And these projects never seemed to increase my following or visitors to my website. The money was less than minimum wage and so much less than what I had been earning as an actual employed designer during my career. It began to feel like magazines were severely underpaying their designers, simple taking advantage of their awe at being published because many have no idea how much their design work is worth, even though these magazine depend on their designers. They literally wouldn't exist without them! But it was worse than that in my case...

 

The sheer amount of work being asked of me became ridiculous. Companies would often find out I was a graphic designer by trade and not only ask me for the basic crochet design, but also chart diagrams and any other required graphics, but not just in pencil scribble form, they actually wanted me to create them on a computer and send them over.
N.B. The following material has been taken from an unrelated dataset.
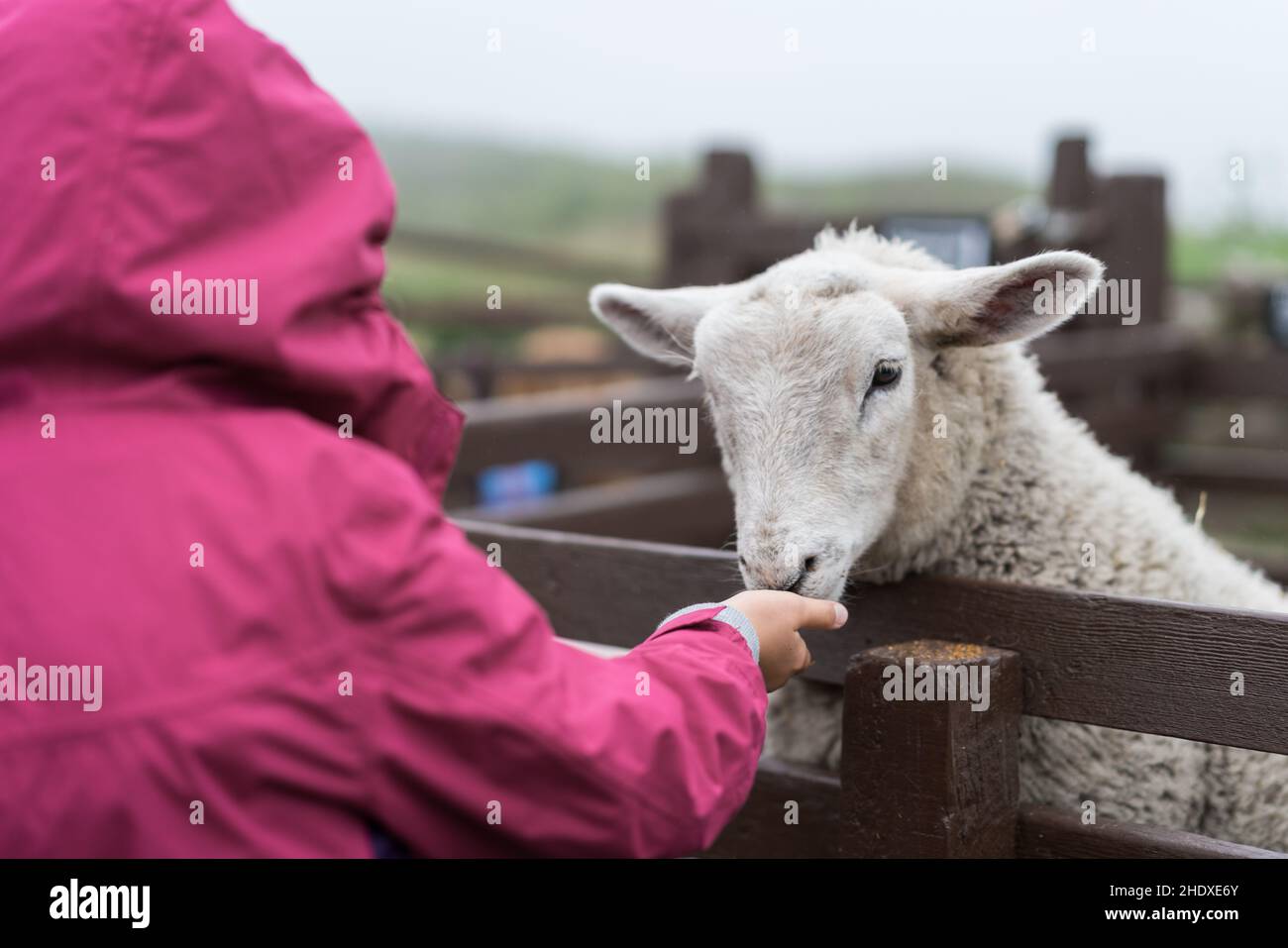 sheep, feeding, sheeps, feed, feedings Stock Photo Alamy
Stupidly I always said yes because how do you say no when you've began working for someone, but I remember thinking surely these companies had in-house graphic designers they could use? Was I just the cheaper option? It was so much work for me, all taking away time from my other design work and YouTube tutorial production.

I was already designing for multiple sizes, frogging and re-crocheting over and over again, making graphics, submitting a final piece for photography purposes. It was hours and hours of work that would normally have earned me a decent amount during my career, but I was being paid a fraction of that. I started to feel resentful, unfulfilled and taken advantage of. It wasn't that I was driven by money, I just felt my time was being wasted because ironically, during that same period I was also designing for some charities and of course not charging anything for my work, and that felt a hundred times more rewarding! At the end of the project I had a feeling of achievement and a sense of pride again. My work had purpose.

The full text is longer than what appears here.